A central role in Joker is reserved for ‘the show’: the ideal image being peddled to viewers at home through television. The biggest, most popular smiling face – Murray Franklin, played by Robert de Niro – has a platform on a live comedy show, where he hosts guests daily. Following Murray, Arthur also wants to become a stand-up comedian. Having grown up without a father, he fantasises that Murray will recognize Arthur is special and call him down from the audience to come on stage. Like a good little boy, Arthur will recount how he cares for his mother and how she taught him to always put on a happy face. He does this each day before facing the world.

Because his grief is taboo, that maniacal, compulsive laugh is the only alternative

Back in reality, Arthur sits in front of the mirror in his dingy dressing room with his back arched; he applies his clown makeup and puts on a smile – even though he’s never had a reason to laugh in all his unhappy life. Arthur, depressed, can only laugh or smile in two ways. He can smile by putting his fingers in the corners of his mouth and pulling them up until it hurts, with tears in his eyes, flowing all over his smeared makeup. The other way is just as forced. It’s an uncontrollable, compulsive laugh, which he uses as a shield when insulted or approached aggressively. A laugh so loud that it drowns out the pain underneath. Because his grief is taboo, that maniacal, compulsive laugh is the only alternative.

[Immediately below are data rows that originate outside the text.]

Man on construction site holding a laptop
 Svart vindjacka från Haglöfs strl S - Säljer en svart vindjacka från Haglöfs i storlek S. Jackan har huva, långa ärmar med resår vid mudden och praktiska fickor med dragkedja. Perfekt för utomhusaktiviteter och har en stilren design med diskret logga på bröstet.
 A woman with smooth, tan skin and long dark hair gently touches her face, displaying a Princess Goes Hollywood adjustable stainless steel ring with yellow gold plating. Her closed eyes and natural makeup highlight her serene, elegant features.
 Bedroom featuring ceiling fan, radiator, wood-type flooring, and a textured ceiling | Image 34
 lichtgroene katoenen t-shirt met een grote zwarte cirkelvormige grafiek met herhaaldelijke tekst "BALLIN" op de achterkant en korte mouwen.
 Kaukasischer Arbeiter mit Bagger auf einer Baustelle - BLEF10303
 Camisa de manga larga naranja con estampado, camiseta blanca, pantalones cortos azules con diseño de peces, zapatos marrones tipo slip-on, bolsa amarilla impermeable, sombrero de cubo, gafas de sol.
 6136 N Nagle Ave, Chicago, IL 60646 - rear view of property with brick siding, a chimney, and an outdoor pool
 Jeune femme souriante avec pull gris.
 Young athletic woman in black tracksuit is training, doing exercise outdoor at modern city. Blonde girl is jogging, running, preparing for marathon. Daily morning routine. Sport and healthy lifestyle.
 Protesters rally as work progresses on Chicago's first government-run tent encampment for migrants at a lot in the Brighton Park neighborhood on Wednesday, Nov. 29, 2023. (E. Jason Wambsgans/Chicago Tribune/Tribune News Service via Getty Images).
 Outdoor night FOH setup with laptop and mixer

Alone, abandoned, and betrayed

The terror of the smile had been seen previously on the face of Olympic figure skater Tonya Harding, in Craig Gillespie’s biopic I, Tonya (2017). Harding was reviled when figures from her entourage eliminated her main competitor by inflicting her with a broken knee. Although Harding has always denied knowing about the plot, the incident made her America’s most hated woman. In the film, a 23-year-old Tonya sits in her dressing room in front of a mirror, just before her performance at the Olympic Games in Lillehammer: alone, abandoned, and betrayed. She applies blush to her pale face, trying to put on the smile required in the arena to hide her despair and tears. The compulsive grimace that rivals her grief makes her loneliness fully visible.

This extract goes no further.